The last time I willingly wrote anything before this site, I was about fifteen, staring at a blank exam booklet and a word count that read like a prison sentence. I remember the specific dread of it. The certainty that whatever I produced would come out worse than whatever the person next to me was already scribbling. I decided, fairly early and fairly firmly, that writing was a thing other people could do and I could not. I went on to take a physics degree, partly because it promised a world where you could be right or wrong without having to phrase it nicely.
Thirty years later I keep a blog. I did not plan it. And the how of that is really the whole point.
This site started as a filing cabinet. My work was scattered everywhere — a security scanner I built here, a men's health protocol there, an article written under someone else's brand, a diagram tool I made because the existing ones annoyed me. None of it lived in one place. I wanted a single address I could point at and say: that is the stuff I have made. Nothing grander than that.
Then something I did not expect happened. Putting the work in one place made me want to explain it. And explaining it turned out to need the exact skill I had written off at fifteen.
Here is what nobody told me at school. Writing is not a talent you are handed at birth. It is a skill, and like every other skill I have picked up — networks, security, the physics I have never once used in a lab — it is built through effort, repetition, and being genuinely bad at it for a while first. I was not born unable to write. I had simply never done enough of it to stop being bad. The essays felt impossible because I had written a dozen of them.
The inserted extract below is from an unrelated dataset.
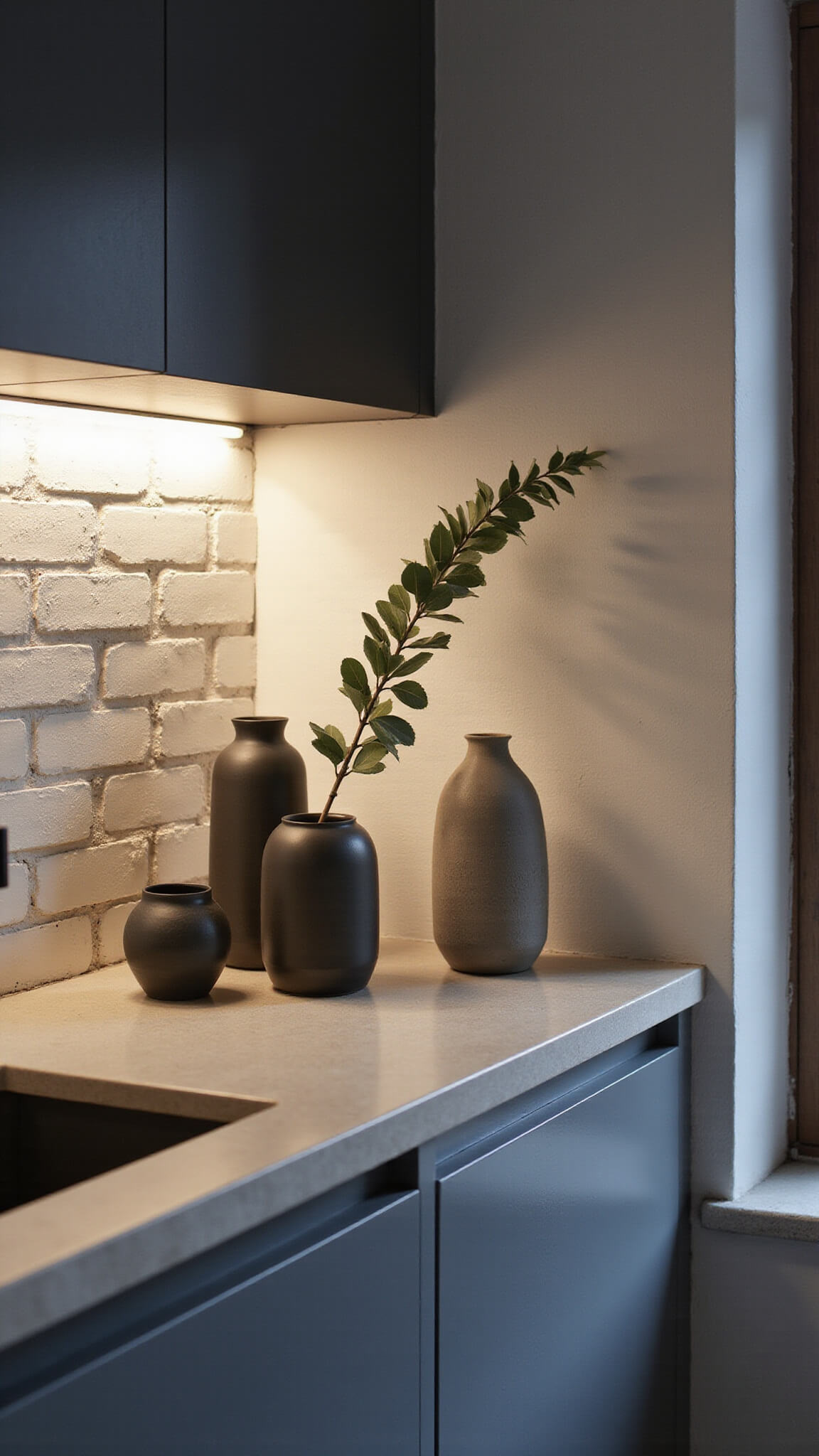Nordic kitchen corner at dusk with concrete countertops, whitewashed brick backsplash, handmade ceramic vessels, and eucalyptus branch, lit by soft window light and warm under-cabinet LEDs.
Do three hundred of almost anything and it stops feeling impossible.
So this is where I write now. I want to be honest about what that is, and what it is not.
It is not a content strategy. There is no calendar, no cadence, no quiet plan to post every Tuesday and feed an algorithm. I write an article here and there, when I have something worked out well enough to be worth the words. Some months that might be three pieces. Some months none. The irregularity is deliberate. The moment a personal site starts running to a schedule, it stops being a personal site and becomes a marketing channel wearing one as a costume.
It is also not a syndication front. When I republish something I wrote for one of the brands I work on, that piece gets pushed out — a summary, a link, the usual machinery that puts it in front of people. The articles I write natively here get none of that. No LinkedIn post. No thread. No cross-posting anywhere. If you are reading one of these, you either found it or someone sent it to you, and that is the entire distribution plan. That is on purpose too. I wanted one place that was not built for reach.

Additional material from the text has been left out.